Unfulfilled Promises

During the Reconstruction Era following the American Civil War, three constitutional amendments were enacted to improve the lives of African Americans. The Thirteenth Amendment banned slavery. The Fourteenth Amendment barred states from denying “equal protection of the laws.” The Fifteenth Amendment established that the right to vote could not be denied on the basis of race. 

Despite these protections, African Americans, particularly those residing in southern states, faced significant obstacles to voting. Jim Crow, a system of laws and attitudes that legitimized anti-black racism and the belief in black inferiority, was used to make African Americans second-class citizens, segregate public facilities, and prevent them from gaining political power. African Americans faced bureaucratic restrictions, such as poll taxes and literacy tests, as well as intimidation and physical violence while registering and attempting to vote. 

Little was done at the federal level to enforce Reconstruction Era laws, including the Fifteenth Amendment.
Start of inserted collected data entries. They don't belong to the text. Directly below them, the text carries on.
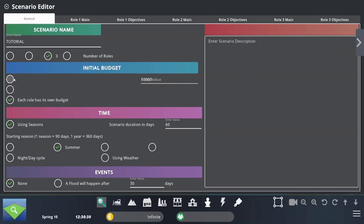I can also select everything which is time-related: whether we're going to use seasons or one long season; which season to start in; whether to use a night and day cycle — if not, you'll just have a very long day; and whether to use weather effects such as thunder, rain, snow, etc., which will be displayed during the game.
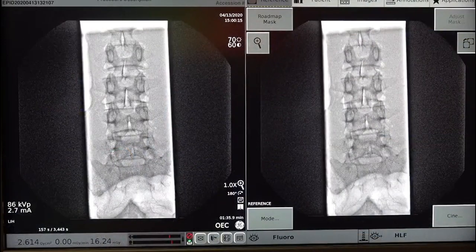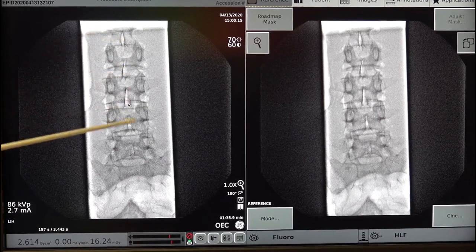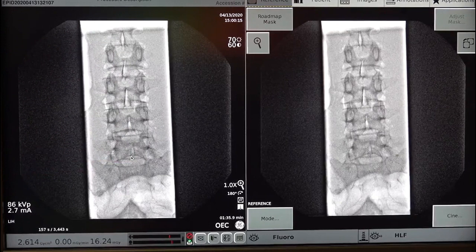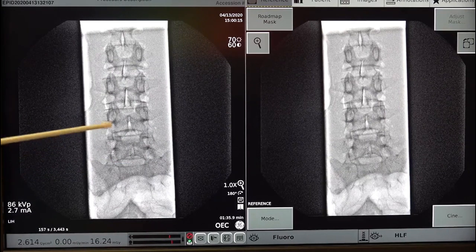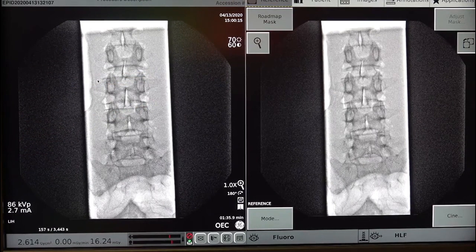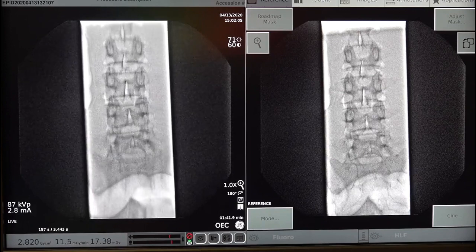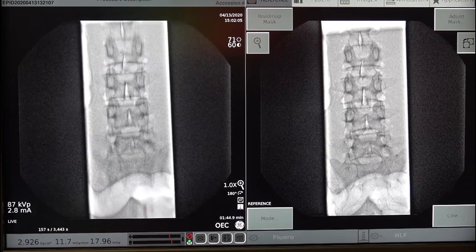We are working on a true AP. Your spinous processes are in the center of our screen. We get those in the center by using your oblique lock to move that back and forth until they are rotated completely in the center. Next, we have our end plates — the solid lines going across. We want to make sure that that is a sharp line, and if it's not, that is where you would use your cranial or caudal locks to line those up. As she goes back and forth, that disc space is either foreshadowed or it's nice and open.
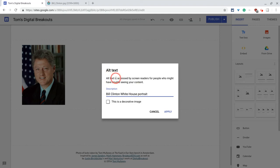It says alt text is accessed by screen readers for people who might have trouble seeing your content. And that's why we do this, because some people looking at our digital content will be using screen readers, and we want to include them.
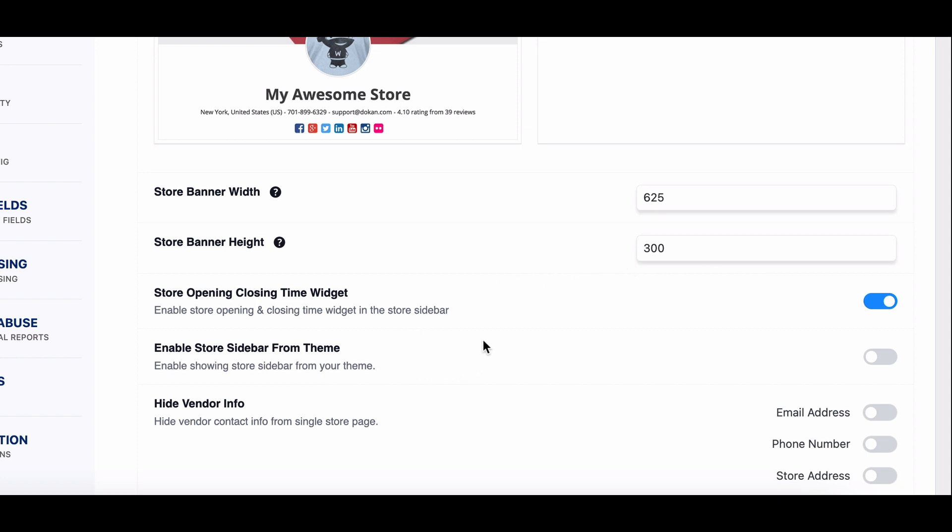Lastly, enable Store Sidebar from Theme. This feature resolves conflicts between Dokkan's store page template and theme markup. Disabling the sidebar prevents any layout scrambling issues.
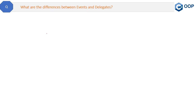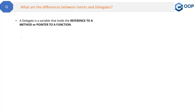This is one more question from delegates topic: what are the differences between events and delegates? First, what is a delegate? A delegate is a variable that holds the reference to a method, or you can say it's a pointer to a function. I already explained delegates in my previous videos, so you can look at them to understand delegates in detail.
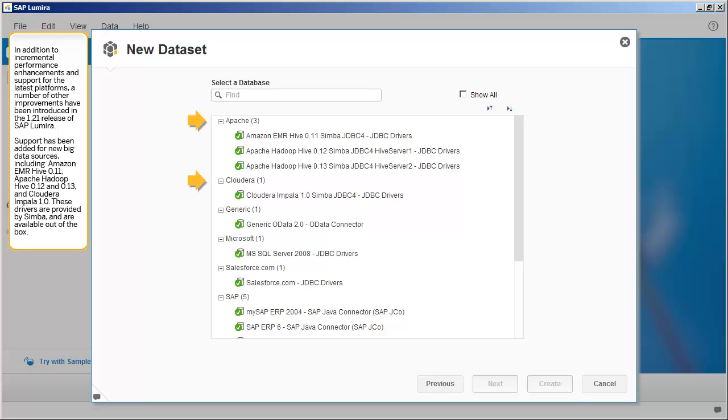Support has been added for new big data sources, including Amazon EMR Hive 0.11, Apache Hadoop Hive 0.12 and 0.13, and Cloudera Impala 1.0. These drivers are provided by Simba and are available out of the box.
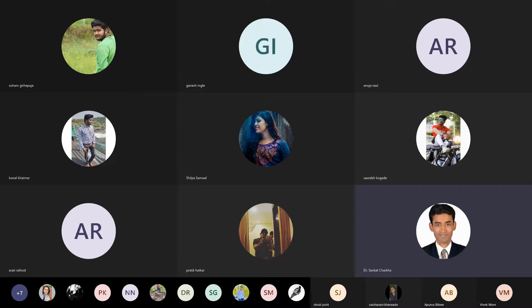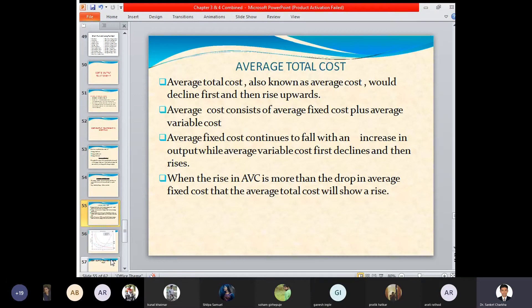The criteria of the particular firm keeps on changing, but accordingly the product does not change. The concern in the mind regarding a particular product is quite the same, and the average total cost is always greater. Average fixed cost continues to fall as output increases.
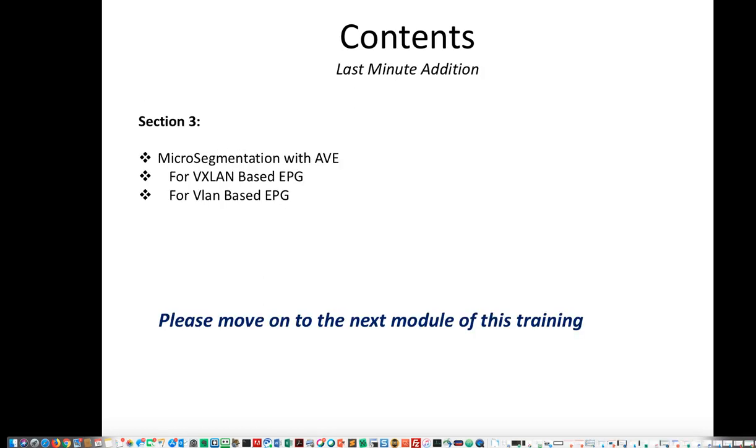Last minute addition. Due to people asking for this, we have included section 3. In section 3, we are going to demonstrate micro-segmentation with AVE for both VXLAN-based EPG and VLAN-based EPG. Now, please move on to the next module of this training. Thank you for watching.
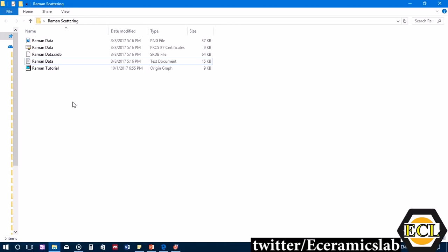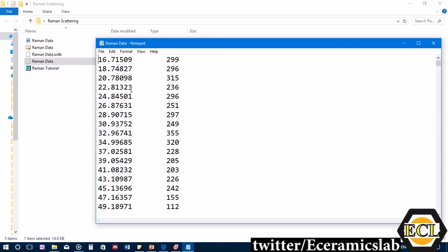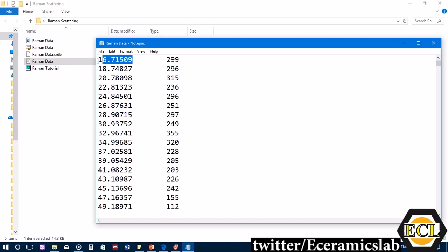You also need a computer with Windows 10. The data is in text format with two columns: X and Y. The X-axis represents Raman shift or wavenumber, with units of per centimeter in our case, and the Y-axis is arbitrary intensity.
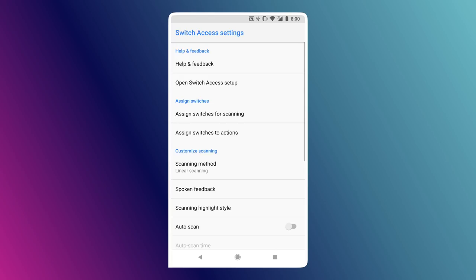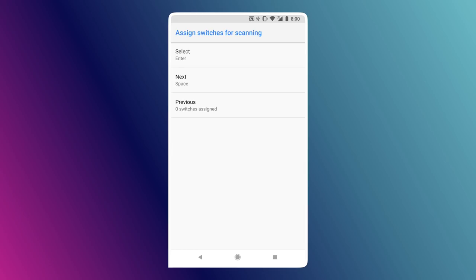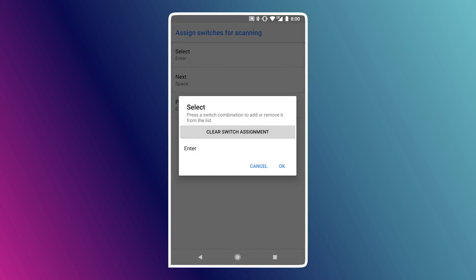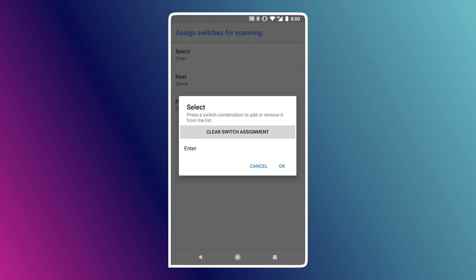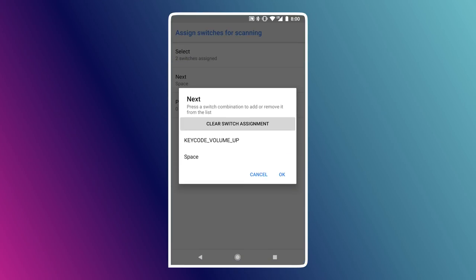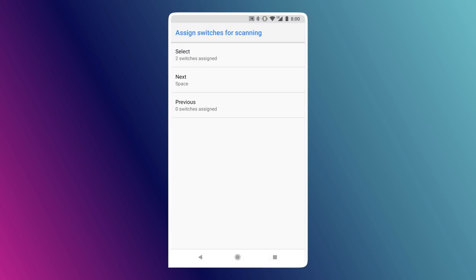I'm going to go over to where it says Assign Switches for Scanning, and for Select — which is essentially a mouse click — I can click on that. I've actually already mapped that action to this yellow button right here. But if you don't have a switch device, you can still test this on your phone by using the volume keys. For instance, I can use the volume down key on my phone and assign that as a switch as well.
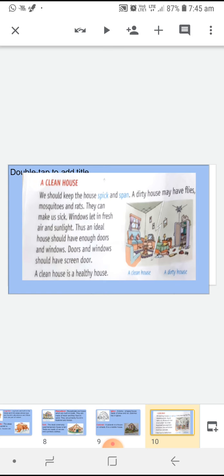Windows, fresh air and sunlight — अब घर में windows का होना भी बहुत जरूरी होता है. Windows से हमारे घर में fresh हवा आती है और sunlight आती है, और ये दोनों चीज़ें हमारे लिए बहुत जरूरी हैं. A good house should have enough doors and windows, because doors and windows bring fresh air and sunlight into our house. A clean house is a healthy house.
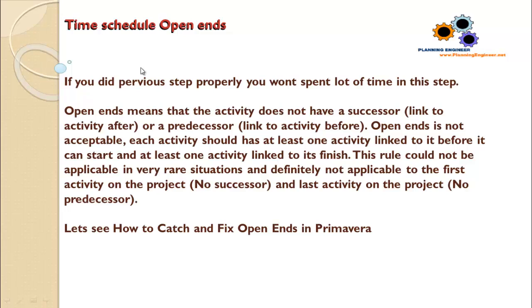Time Schedule Open Ends. If you did the previous step, which is linking the activities and adjusting the total float, you probably want to spend a lot of time in this step.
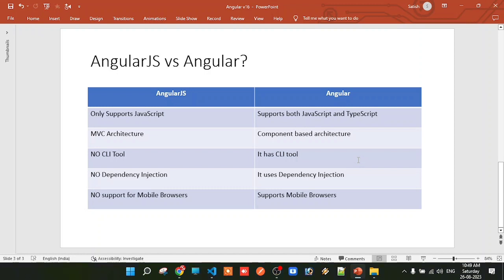Key differences between AngularJS and Angular: AngularJS uses Model-View-Controller (MVC) architecture, whereas Angular introduced the concept of components. We will discuss components in detail in coming sessions. Also, unlike AngularJS, Angular has a Command Line Interface (CLI) tool — through the CLI we can create projects, create and initialize components, and run projects, all from the command line.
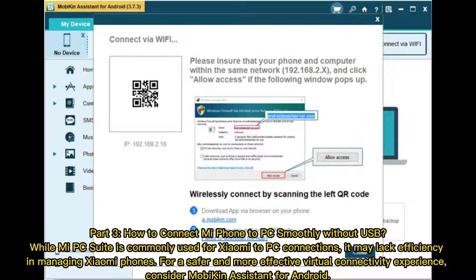Part 3: How to connect Mi Phone to PC smoothly without USB. While Mi PC Suite is commonly used for Xiaomi to PC connections, it may lack efficiency in managing Xiaomi phones. For a safer and more effective virtual connectivity experience, consider Mobicon Assistant for Android.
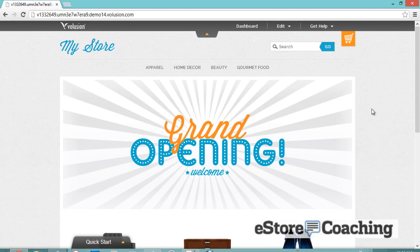Hi, this is Jason with eStore Coaching. Today we're here to take a look at how Volusion can help you manage your eStore business. We're going to walk through the setup process, configuration, design, product setup, payment gateway, and order processing — basically all the required steps you need to quickly set up your eStore and start selling. All right, let's get started.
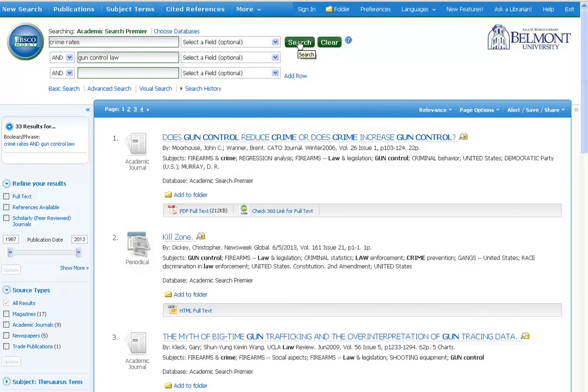Searching using AND and these two different concepts retrieves just 33 results, which is much less than my original search.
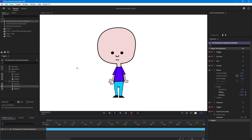And that is how you can work with swap sets inside of Character Animator. If you guys learned something, as always please like, comment, share, and subscribe.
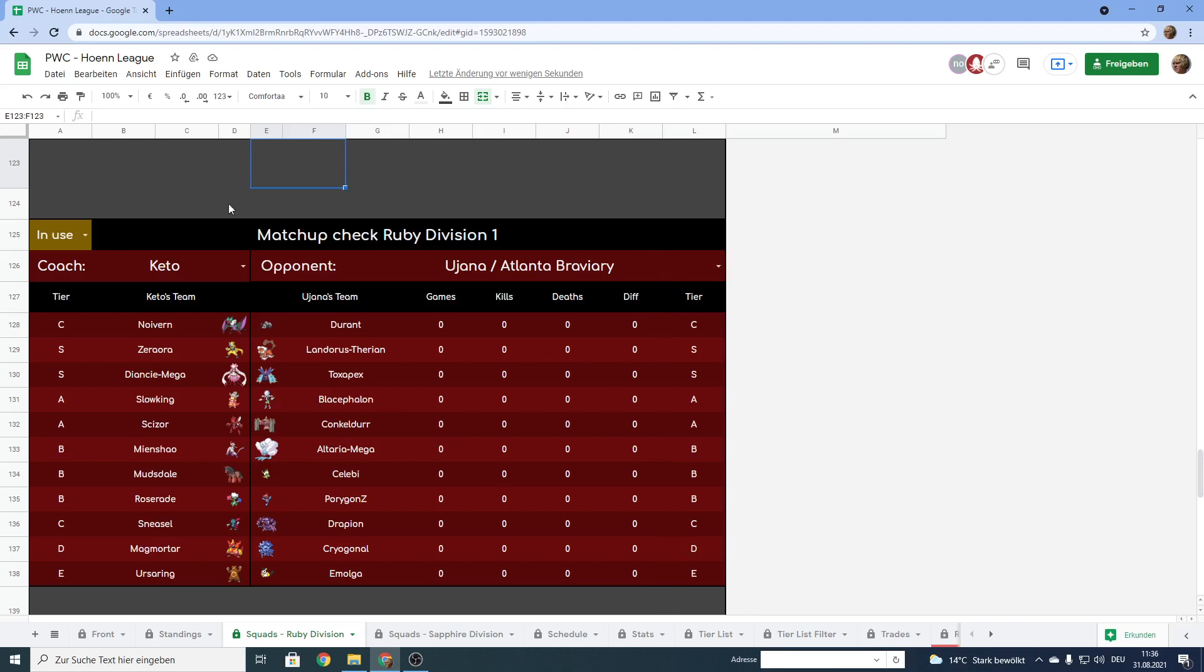And yeah so that's basically how to use this matchup check feature. It's really simple and I hope it will be useful to some of you guys.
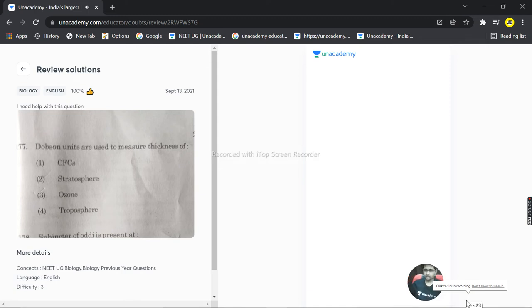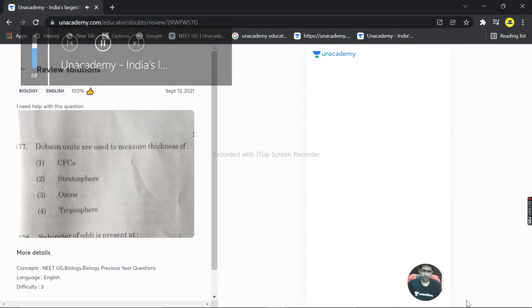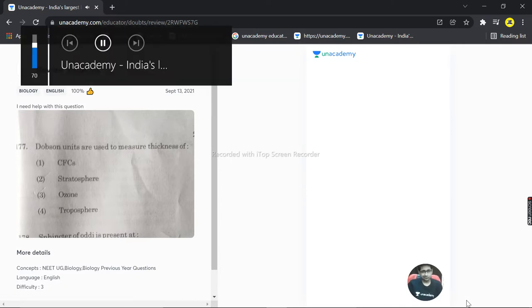We have a question from NEET 2021. The question is about Dobson unit.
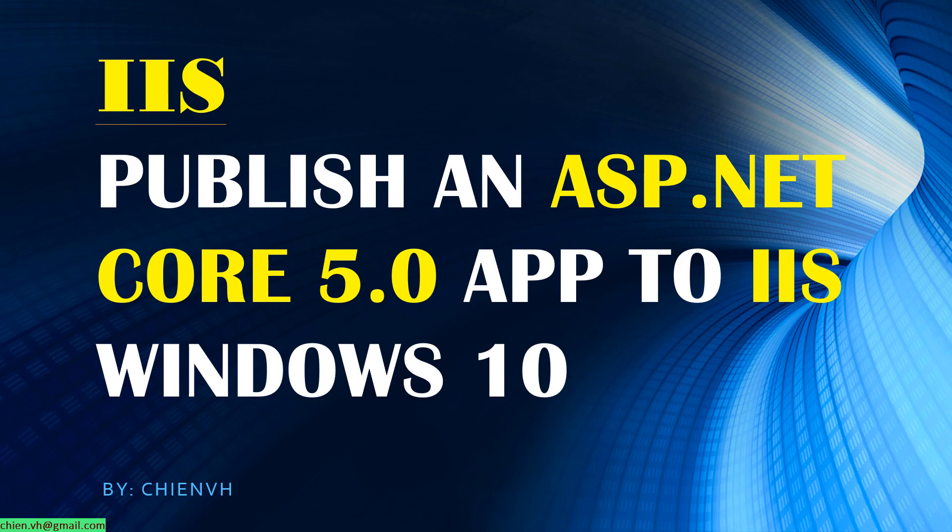Hi, in this video today I would like to show you how to publish an ASP.NET Core 5.0 application to the IIS on Windows 10.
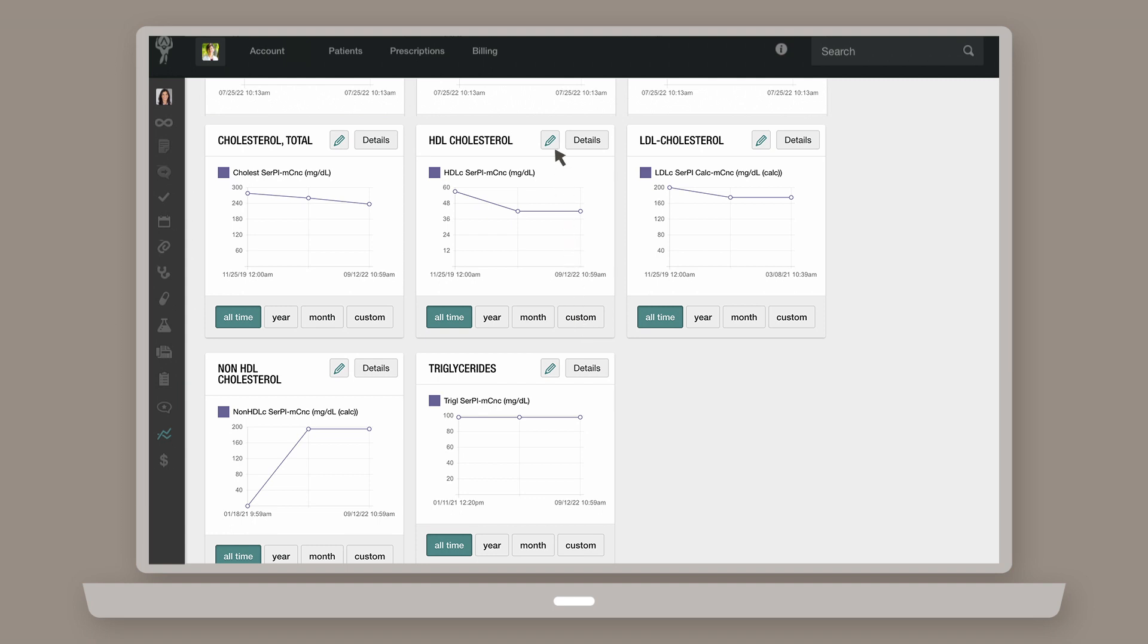You can also edit the name of the chart by selecting the pencil icon in the corner of the chart.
Dedicated activists in the mid-twentieth century forced the nation to pay closer attention to civil rights. 

Each year from 1945 to 1956, Congress attempted–but failed–to pass a civil rights bill. It finally passed the Civil Rights Acts of 1957, 1960, and 1964, but none of these laws was strong enough to prevent voting discrimination at the local level. 

In December 1964, the Southern Christian Leadership Conference announced it would begin a voting campaign to register African Americans in Selma, Alabama. The violence that occurred during this campaign underscored the need for federal voting rights legislation.